Cutting your LLM bill by 60% without losing quality

If your LLM bill is more than a rounding error, you almost certainly have 40–70% of fat to cut without the user ever noticing. Here’s the exact playbook we run on every engagement.

Most teams set up a production agent, watch the first month’s bill, and treat it as a fixed cost of doing business. It isn’t. The difference between a naive and a tuned agent pipeline is often 3–5× on cost with zero perceptible change in quality. Here is how we get there, in order of effort.

Step 1: Route to the cheapest model that works

Not every request needs your smartest model. A query classifier, a summarization of a short paragraph, a simple rewrite — these run perfectly well on a small model that costs 1/20th as much. The naive setup sends everything to GPT-4 or Claude Sonnet. The tuned setup routes.

How to build it: a small router step (itself a small, cheap model call) decides per-request which tier the work needs. Tier 1 goes to a 4o-mini or Haiku; tier 2 to a mid-size model; tier 3 to your best. Track tier distribution weekly. In every engagement we’ve run, over half of requests end up tier 1 after tuning.

Step 2: Cache aggressively — but exact-match first

Semantic caching sounds clever but it’s a trap for most workloads: you risk returning a near-miss result that subtly contradicts the exact query. Exact-match caching on normalized inputs is boring, cheap and safe. Start there.

Normalize the input (lowercase, strip whitespace, canonical ordering of keys), hash it, cache the response with a TTL appropriate for the task. For knowledge-base questions, 24 hours is often fine. For internal ops, longer.

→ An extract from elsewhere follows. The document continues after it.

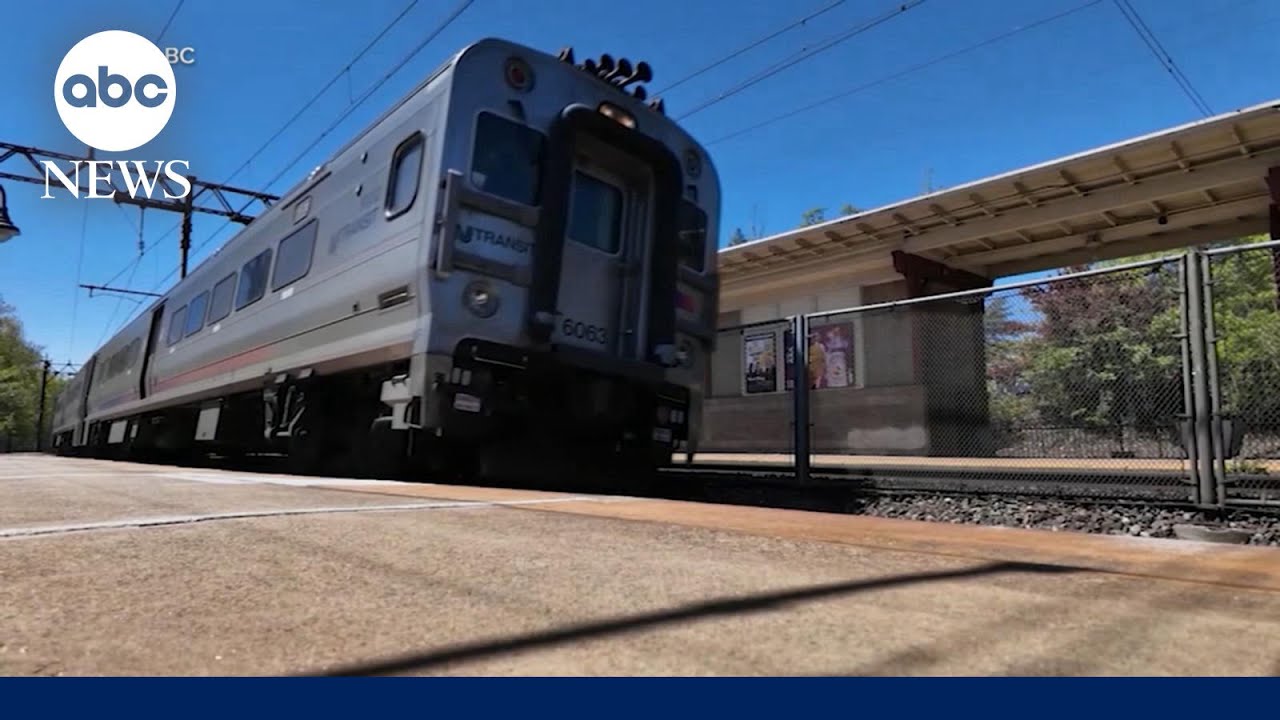 New Jersey Transit train engineers go on strike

Step 3: Compress the prompt

Prompts grow. Engineers add one more example, one more rule, one more edge case. Six months in you’re paying for 3,000 input tokens on every call, 90% of which the model doesn’t need for this particular request.

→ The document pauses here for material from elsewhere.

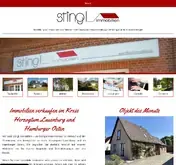 Kleine Seitenvorschau von stingl-immobilien.de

The fix: audit the prompt. Separate truly static context (cachable via provider prompt caching) from dynamic content. Split long system prompts into a base + task-specific addendum and only include the relevant addendum. Use prompt caching features from OpenAI and Anthropic — they can cut input token cost by 90% on repeated prefixes.

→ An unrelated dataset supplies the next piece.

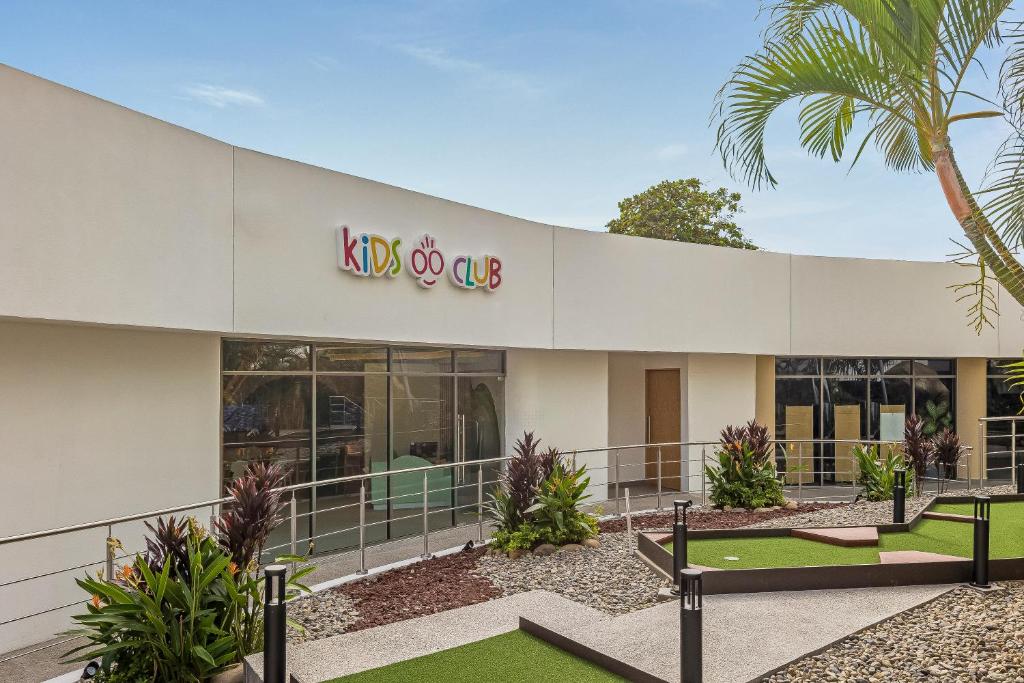 Kid’s club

Step 4: Batch where possible

If your workload has any latency tolerance — overnight reports, async classification, enrichment — use batch APIs. Anthropic and OpenAI both offer ~50% discount for batch endpoints. For jobs that currently run one-at-a-time but could wait an hour, this is free money.

Step 5: Shorten the output

Output tokens cost 3–5× more than input tokens. Most agent responses are longer than they need to be — default verbosity, redundant preambles, re-stating the question. Tighten the system prompt (“respond in under 60 words unless asked”) and see your output tokens drop 30%.

A real example

A recent client was spending $4,200/month on their customer-support RAG chatbot, all on Claude Sonnet. We applied the above: routed 58% of requests to Haiku (simple FAQ matches), added exact-match caching on normalized queries (hit rate 34%), moved the knowledge-base preamble into prompt caching, and trimmed output verbosity by 25%.

Result: $1,520/month. Same quality, measured via blind grading on a held-out sample. Payback on the engineering time: seven days.

When to stop

Cost optimization has diminishing returns. Once you’re under $1k/month per workflow, further effort is probably worth less than shipping the next feature. But while you’re over that — and almost every team is somewhere — there’s easy money on the table.